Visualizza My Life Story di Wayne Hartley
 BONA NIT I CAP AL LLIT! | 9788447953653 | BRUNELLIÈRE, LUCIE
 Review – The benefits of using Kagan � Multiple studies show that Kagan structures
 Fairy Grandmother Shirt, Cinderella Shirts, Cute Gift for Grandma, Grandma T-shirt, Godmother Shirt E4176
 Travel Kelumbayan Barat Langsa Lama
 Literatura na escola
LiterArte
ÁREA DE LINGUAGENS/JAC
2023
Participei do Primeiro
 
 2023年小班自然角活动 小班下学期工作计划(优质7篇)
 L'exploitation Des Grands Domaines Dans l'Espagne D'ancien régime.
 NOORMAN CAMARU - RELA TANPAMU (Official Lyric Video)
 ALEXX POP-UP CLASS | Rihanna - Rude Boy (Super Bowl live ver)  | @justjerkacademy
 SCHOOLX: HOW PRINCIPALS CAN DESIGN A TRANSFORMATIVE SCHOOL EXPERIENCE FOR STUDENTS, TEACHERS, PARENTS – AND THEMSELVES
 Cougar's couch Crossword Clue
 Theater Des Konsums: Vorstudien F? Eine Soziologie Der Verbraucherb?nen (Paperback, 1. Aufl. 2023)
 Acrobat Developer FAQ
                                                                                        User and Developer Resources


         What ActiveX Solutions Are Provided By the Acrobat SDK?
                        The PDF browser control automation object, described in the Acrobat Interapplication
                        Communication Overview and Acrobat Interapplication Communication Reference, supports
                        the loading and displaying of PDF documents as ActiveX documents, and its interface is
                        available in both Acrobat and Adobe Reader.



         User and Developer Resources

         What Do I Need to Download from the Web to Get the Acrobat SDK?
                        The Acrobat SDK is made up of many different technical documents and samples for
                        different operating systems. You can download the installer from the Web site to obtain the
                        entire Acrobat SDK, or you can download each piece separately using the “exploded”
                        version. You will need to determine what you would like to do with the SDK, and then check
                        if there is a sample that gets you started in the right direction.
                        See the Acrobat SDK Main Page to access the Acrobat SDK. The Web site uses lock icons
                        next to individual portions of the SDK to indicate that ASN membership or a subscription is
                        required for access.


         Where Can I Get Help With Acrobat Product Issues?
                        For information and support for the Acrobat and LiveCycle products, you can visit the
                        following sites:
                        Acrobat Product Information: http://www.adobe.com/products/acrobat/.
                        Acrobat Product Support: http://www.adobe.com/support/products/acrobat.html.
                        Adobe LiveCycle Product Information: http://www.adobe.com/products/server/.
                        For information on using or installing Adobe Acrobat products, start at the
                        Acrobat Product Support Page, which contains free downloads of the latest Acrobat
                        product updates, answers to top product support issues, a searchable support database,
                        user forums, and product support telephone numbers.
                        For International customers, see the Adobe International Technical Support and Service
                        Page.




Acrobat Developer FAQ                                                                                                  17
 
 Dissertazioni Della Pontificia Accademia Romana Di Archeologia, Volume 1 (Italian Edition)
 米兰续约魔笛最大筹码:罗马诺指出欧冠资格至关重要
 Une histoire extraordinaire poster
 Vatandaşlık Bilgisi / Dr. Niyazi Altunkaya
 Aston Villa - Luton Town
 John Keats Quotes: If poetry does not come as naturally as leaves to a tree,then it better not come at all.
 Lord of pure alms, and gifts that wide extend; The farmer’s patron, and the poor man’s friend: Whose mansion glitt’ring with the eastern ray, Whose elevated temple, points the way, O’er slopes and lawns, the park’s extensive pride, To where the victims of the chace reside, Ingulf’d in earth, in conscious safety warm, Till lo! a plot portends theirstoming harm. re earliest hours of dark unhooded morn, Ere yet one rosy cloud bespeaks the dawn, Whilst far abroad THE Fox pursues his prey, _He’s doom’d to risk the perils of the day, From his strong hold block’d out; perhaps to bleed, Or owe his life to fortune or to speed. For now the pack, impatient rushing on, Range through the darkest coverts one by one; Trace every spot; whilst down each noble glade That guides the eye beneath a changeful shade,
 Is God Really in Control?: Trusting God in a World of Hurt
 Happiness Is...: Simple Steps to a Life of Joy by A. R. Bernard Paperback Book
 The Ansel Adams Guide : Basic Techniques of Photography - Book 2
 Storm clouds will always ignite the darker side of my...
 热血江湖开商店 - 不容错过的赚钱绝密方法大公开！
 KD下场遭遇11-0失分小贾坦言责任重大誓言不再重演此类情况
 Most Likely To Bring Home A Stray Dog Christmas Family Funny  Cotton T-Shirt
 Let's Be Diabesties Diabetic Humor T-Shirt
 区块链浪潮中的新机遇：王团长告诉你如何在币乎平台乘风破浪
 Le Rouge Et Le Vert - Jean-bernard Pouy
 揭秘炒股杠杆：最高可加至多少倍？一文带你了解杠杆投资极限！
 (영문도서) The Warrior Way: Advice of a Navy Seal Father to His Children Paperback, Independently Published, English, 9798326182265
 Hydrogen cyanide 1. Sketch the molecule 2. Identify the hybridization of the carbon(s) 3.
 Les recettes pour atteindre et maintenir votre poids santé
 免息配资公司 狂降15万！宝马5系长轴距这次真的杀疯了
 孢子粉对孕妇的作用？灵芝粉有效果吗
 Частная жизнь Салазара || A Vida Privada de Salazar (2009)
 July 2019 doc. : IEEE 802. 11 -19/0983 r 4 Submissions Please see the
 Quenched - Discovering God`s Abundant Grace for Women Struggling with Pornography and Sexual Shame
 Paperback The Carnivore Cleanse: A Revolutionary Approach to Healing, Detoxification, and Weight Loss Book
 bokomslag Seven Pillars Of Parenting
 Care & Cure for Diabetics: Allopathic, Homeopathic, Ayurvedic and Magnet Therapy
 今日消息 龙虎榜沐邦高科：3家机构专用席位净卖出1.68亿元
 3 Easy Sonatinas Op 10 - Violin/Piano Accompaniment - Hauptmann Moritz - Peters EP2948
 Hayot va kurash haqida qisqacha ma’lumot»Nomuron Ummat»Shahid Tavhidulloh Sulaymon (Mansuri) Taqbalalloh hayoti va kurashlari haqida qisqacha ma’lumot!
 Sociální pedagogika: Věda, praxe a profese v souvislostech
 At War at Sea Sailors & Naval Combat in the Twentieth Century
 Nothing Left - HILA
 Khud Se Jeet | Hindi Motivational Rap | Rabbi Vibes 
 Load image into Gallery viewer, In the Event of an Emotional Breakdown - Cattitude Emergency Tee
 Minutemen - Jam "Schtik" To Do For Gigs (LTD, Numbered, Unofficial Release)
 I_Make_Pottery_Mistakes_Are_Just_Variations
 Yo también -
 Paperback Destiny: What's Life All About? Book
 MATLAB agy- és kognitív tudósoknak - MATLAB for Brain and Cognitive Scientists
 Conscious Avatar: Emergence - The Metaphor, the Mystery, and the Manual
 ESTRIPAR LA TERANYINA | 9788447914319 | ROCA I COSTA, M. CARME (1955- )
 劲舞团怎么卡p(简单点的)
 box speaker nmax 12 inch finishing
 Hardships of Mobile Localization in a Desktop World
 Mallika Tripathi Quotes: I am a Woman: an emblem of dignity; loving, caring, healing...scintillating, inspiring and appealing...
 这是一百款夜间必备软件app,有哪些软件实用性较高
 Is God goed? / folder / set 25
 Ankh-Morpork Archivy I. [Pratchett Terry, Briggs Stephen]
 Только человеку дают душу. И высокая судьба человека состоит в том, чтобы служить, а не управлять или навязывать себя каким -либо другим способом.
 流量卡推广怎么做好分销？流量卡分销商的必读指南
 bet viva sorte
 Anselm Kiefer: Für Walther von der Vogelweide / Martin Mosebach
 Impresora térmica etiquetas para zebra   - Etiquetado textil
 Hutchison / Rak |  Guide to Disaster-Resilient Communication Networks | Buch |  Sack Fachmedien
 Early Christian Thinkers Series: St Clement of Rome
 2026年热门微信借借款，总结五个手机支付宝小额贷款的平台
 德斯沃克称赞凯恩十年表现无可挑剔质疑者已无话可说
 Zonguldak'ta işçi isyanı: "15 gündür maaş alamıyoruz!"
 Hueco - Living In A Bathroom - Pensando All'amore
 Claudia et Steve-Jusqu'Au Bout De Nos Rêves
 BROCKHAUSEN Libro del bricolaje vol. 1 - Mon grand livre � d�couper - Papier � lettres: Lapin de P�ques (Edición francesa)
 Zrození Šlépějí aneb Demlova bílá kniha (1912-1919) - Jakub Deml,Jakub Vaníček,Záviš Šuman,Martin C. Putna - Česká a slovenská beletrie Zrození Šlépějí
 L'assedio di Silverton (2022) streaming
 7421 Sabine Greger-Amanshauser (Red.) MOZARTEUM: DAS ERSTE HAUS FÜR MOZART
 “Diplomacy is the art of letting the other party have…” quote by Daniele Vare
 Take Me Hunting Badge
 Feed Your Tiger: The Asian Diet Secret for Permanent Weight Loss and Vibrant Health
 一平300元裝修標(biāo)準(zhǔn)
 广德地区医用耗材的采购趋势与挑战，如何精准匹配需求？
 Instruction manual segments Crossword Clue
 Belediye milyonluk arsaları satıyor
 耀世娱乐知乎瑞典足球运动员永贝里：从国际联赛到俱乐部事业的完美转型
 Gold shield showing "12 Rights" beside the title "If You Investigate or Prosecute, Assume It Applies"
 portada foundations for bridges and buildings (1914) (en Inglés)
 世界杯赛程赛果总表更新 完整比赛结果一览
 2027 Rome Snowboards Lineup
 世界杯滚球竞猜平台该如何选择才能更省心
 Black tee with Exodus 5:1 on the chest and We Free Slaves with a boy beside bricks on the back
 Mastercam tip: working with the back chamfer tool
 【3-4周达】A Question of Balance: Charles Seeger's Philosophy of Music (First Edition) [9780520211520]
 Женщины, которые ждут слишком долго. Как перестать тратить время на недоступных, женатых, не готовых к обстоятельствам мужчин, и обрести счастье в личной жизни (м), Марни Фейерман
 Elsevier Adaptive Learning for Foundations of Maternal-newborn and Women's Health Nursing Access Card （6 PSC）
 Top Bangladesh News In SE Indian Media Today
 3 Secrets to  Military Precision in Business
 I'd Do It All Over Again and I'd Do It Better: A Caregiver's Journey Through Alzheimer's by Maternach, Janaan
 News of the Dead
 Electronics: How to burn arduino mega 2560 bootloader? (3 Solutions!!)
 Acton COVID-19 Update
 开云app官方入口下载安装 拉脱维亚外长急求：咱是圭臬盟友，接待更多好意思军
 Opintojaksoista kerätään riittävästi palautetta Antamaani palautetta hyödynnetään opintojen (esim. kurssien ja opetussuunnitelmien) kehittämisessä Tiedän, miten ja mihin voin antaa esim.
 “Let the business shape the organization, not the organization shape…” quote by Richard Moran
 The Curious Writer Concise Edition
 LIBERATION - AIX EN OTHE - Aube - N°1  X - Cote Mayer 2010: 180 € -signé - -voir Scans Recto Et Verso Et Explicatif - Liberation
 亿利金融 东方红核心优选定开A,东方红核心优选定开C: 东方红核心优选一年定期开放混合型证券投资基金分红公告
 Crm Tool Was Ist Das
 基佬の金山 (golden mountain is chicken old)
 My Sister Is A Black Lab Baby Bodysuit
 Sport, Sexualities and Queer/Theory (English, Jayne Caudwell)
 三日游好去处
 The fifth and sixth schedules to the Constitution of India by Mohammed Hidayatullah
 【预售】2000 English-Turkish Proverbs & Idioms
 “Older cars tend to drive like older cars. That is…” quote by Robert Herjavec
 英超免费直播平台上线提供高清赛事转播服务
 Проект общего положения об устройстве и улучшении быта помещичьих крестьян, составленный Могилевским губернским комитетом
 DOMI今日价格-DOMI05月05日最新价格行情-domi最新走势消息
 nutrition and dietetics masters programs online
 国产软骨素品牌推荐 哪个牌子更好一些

● WORK TO COMPLETE: In the records above, locate the lines holding the word "then". Copy each of them.

● EXPECTED ANSWER:
                        version. You will need to determine what you would like to do with the SDK, and then check
 John Keats Quotes: If poetry does not come as naturally as leaves to a tree,then it better not come at all.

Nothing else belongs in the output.